The navigation demo, which can be found in the POWERVR SDK, implements the optimisation
techniques described in the following sections. Particular attention was given to the various
restrictions found in navigation systems in respect to memory constraints, paging, etc.
The geometry generation techniques described in the first few sections illustrate a possible approach;
there might be other, more suitable solutions depending on the input data.
For further reading and a more comprehensive overview please have a look at the documents which
can be found in the POWERVR SDK (see section 4). It is highly recommended to read the application
development recommendation whitepapers to gain a good understanding of performance pitfalls and
general purpose optimisations when developing for mobile graphics solutions.
1.1. Point-Of-View Types
There are several high-level approaches to render a navigation system. They mainly differ in the point
of view and the amount of detail being rendered. From a different perspective this means they differ in
the minimum hardware specs they require from the targeted device to be able to run at an appealing
framerate.
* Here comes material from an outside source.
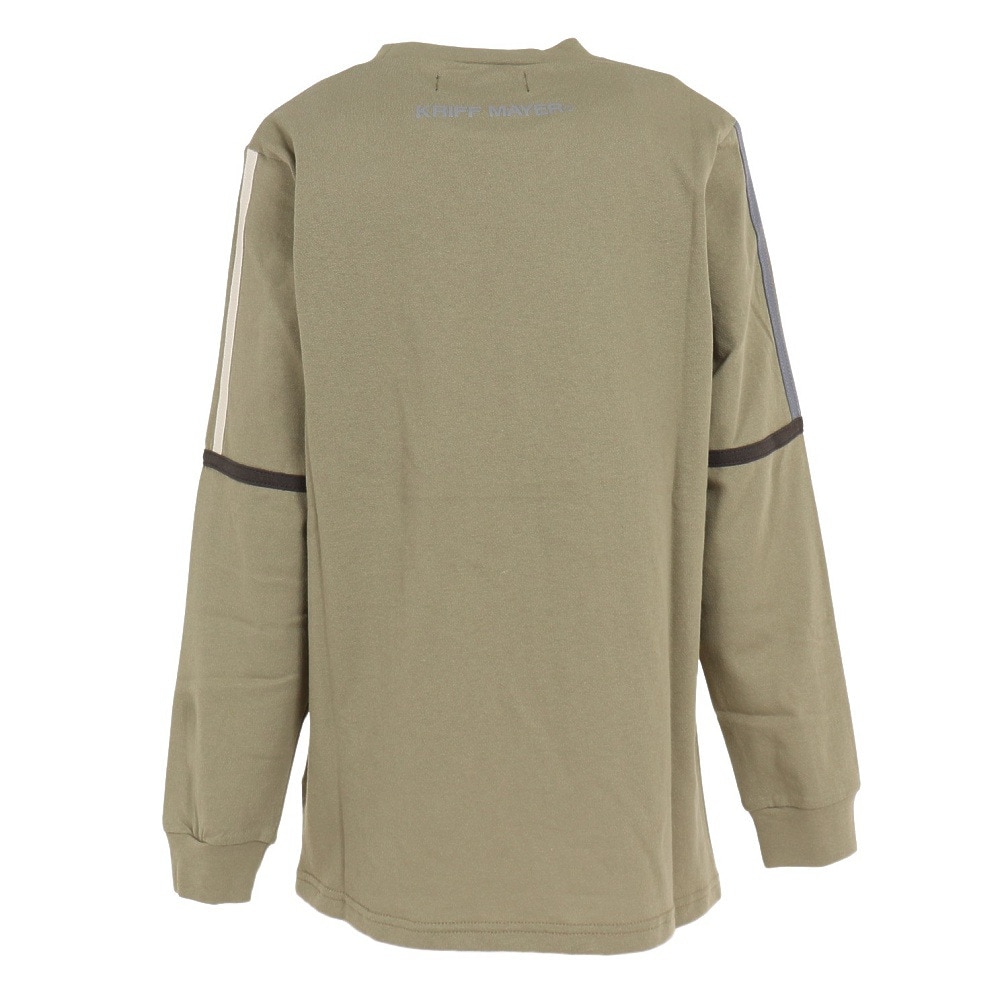クリフメイヤー（KRIFF MAYER）（キッズ）長袖Tシャツ ロンT シャリ天ラインロンTシャツ 2237830K-68:OLIVE オリーブ 春 トップス 120 130 140 150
The point-of-views covered in this document are:
• 2D top-down: the standard perspective found in a lot of navigation devices from a bird’s eye
view. It features a very limited field of view, concentrating on basic features like streets, signs
and landmarks and can be rendered using an orthographic projection scheme.
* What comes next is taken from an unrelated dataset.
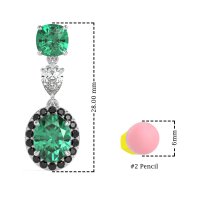 Three-Stone Dangle Halo Earrings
The terrain and all the landmarks are specified in a single plane.
• 2.5D: this perspective shares the same set of features with the plain 2D one, but the camera
is slightly tilted to offer a wider field of view. Due to the viewing angle and the perspective
projection, artefacts like line-aliasing have to be considered. Furthermore it is desirable to add
3D models of important buildings to provide reference points for the user.
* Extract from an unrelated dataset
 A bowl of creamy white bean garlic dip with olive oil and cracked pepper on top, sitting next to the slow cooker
As with the previous view all the landmarks are specified in a single plane.
• 3D: this view is similar to the 2.5D view, but now all coordinates have an additional z-
coordinate which makes it possible to illustrate additional landscape features like elevation.
In addition to the 3D coordinates it is possible to integrate panoramas to augment the scenery
with images and efficiently achieve a higher level of realism.
We are only going to cover 2D and 2.5D in this document.
The following sections explain how to visualize the most common cues like streets, road signs,
landmarks, etc in an efficient manner.
1.2. Sample Data
The sample data used throughout the navigation demo has been taken from NAVTEQ’s set of free
sample data available on the NAVTEQ website. If you want to download sample data please go to the
following webpage of NAVTEQ Network for Developers™ (NN4D):
http://www.nn4d.com/site/global/learn/freesampledata.jsp.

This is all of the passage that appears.